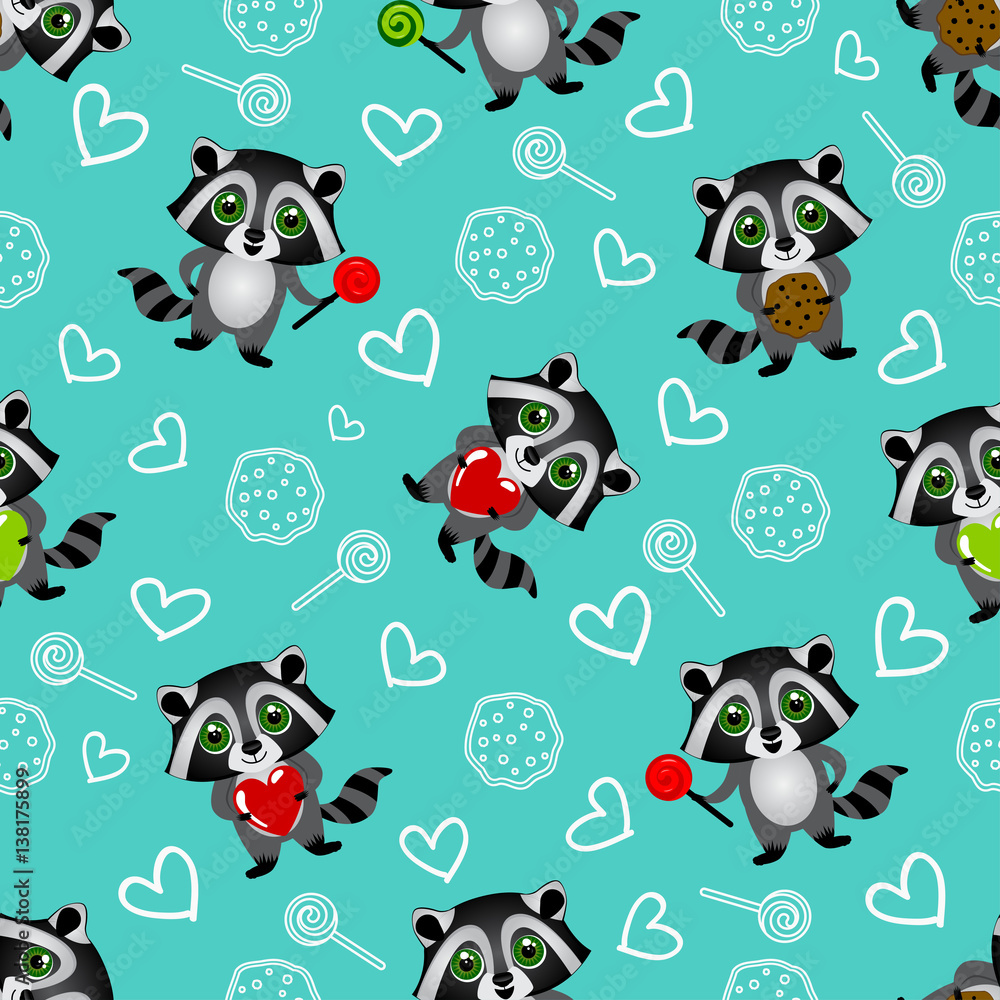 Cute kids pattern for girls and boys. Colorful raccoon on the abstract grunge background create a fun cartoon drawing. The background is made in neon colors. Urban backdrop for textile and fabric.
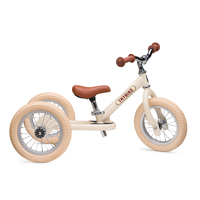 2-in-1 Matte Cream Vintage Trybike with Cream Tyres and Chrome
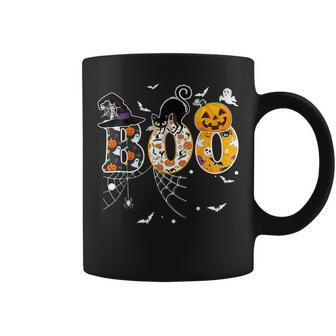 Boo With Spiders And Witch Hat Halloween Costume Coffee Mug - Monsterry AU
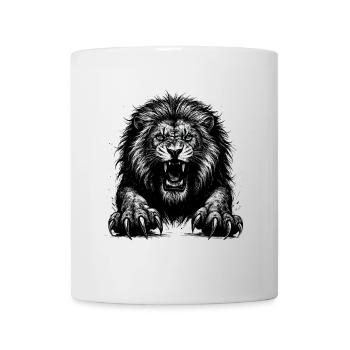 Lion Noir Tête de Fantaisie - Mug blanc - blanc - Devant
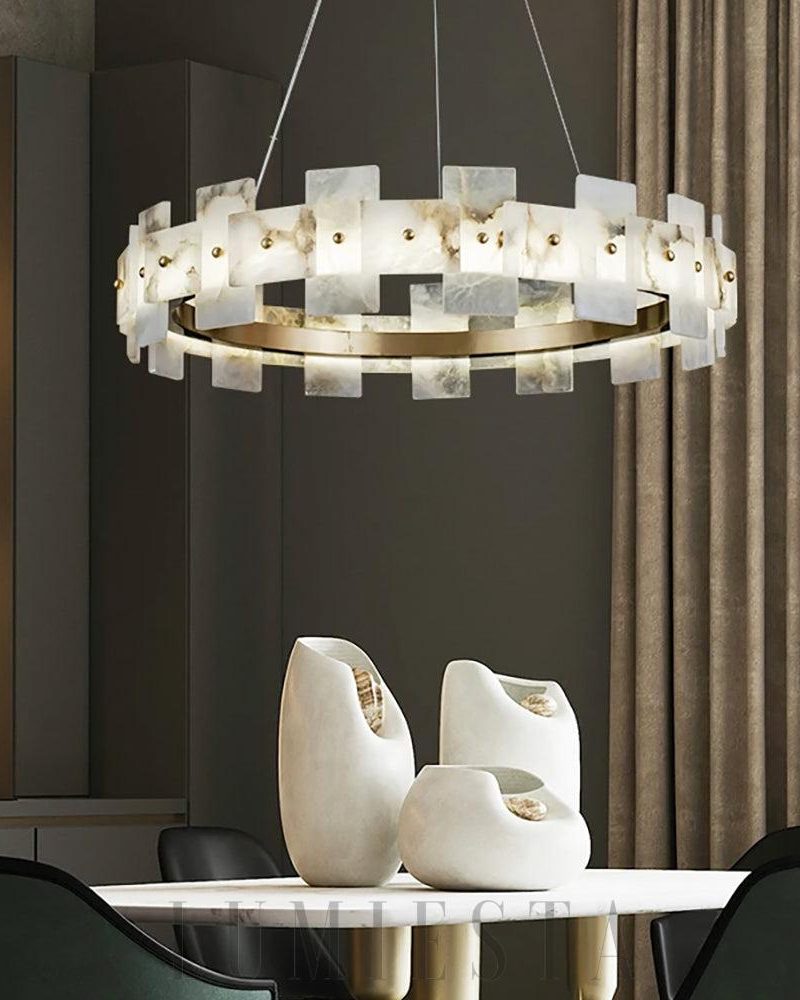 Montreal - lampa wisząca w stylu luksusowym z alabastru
---
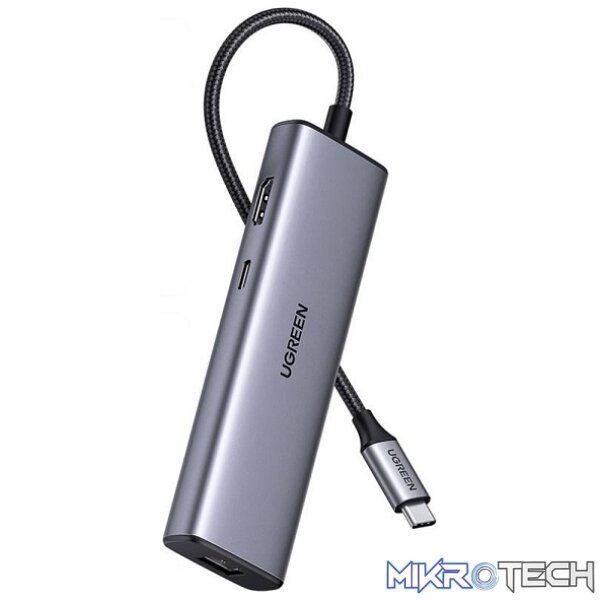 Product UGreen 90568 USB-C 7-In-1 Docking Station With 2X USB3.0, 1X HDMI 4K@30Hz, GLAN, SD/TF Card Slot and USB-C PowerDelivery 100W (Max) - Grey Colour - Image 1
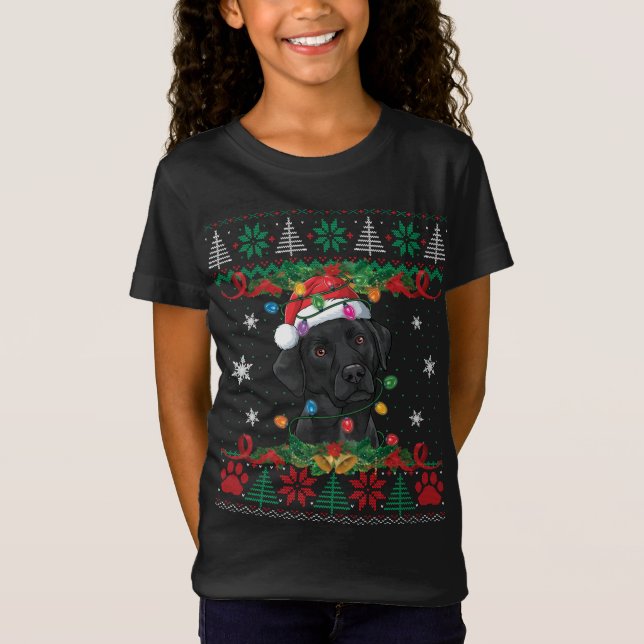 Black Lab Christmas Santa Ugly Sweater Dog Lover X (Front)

Work task:
Print nothing but the lines above starting with the line that contains "Boo With Spiders" and going on through the line that contains "Montreal - lampa". Leave out the pictures.

Written response:
 Boo With Spiders And Witch Hat Halloween Costume Coffee Mug - Monsterry AU
 Lion Noir Tête de Fantaisie - Mug blanc - blanc - Devant
 Montreal - lampa wisząca w stylu luksusowym z alabastru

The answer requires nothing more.